Analysis undertaken in 2012 by Australia’s Workplace Gender Equality Agency shows that women hold only seven CEO positions and make up only 9.7 per cent of executive key management positions in ASX200 companies. We’re not doing enough to help women on maternity leave to re-boot their careers when they want to return to work so they can reach the leadership positions they aspire to. We’re not being creative enough or innovative enough for a 21st-century society.

Women’s full economic participation would make an important contribution to sustainable growth, competitive advantage, and global success. As Business Council of Australia President Catherine Livingston told the Australia–Israel Chamber of Commerce in July: “We need to choose now between a path of purposeful action or a path of painful adjustment.”

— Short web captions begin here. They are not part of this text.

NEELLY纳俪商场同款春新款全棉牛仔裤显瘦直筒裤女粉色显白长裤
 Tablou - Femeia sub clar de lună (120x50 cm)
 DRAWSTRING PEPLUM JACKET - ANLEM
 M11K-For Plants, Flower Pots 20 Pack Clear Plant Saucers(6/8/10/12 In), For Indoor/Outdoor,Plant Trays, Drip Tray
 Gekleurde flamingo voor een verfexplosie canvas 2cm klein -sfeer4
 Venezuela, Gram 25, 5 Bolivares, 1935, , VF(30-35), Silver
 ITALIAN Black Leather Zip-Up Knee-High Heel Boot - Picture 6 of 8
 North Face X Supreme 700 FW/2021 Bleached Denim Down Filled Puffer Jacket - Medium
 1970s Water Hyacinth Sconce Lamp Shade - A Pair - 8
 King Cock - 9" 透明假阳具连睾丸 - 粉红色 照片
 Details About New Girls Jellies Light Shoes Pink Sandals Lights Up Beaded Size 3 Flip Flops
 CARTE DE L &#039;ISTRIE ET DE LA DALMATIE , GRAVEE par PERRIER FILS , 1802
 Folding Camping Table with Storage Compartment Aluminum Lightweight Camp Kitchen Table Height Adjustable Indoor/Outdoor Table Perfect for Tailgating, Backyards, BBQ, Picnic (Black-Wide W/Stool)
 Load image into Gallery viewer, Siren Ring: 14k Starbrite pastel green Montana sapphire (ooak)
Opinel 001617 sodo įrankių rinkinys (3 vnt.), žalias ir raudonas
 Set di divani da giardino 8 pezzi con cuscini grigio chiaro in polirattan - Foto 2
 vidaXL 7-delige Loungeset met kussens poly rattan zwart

And standing right at the fork in this path is 50 per cent of the population. It is the participation of women, the policies for women and families, the equality of women in society and work, and the innovative ideas that make change happen that will help ensure the growth of Australia’s economic and competitive future. 

Although starting from behind, the United States has a great opportunity to embrace innovative work practices that allow both women and men to get the most out of their careers. Its private companies are already doing this at a fast pace. Australia, too, is on the cusp of a change that, if the right partnerships are formed and choices made, could really make a difference. Both nations should pursue a 21st-century society and workforce in which the full and equal participation of women is not negotiable.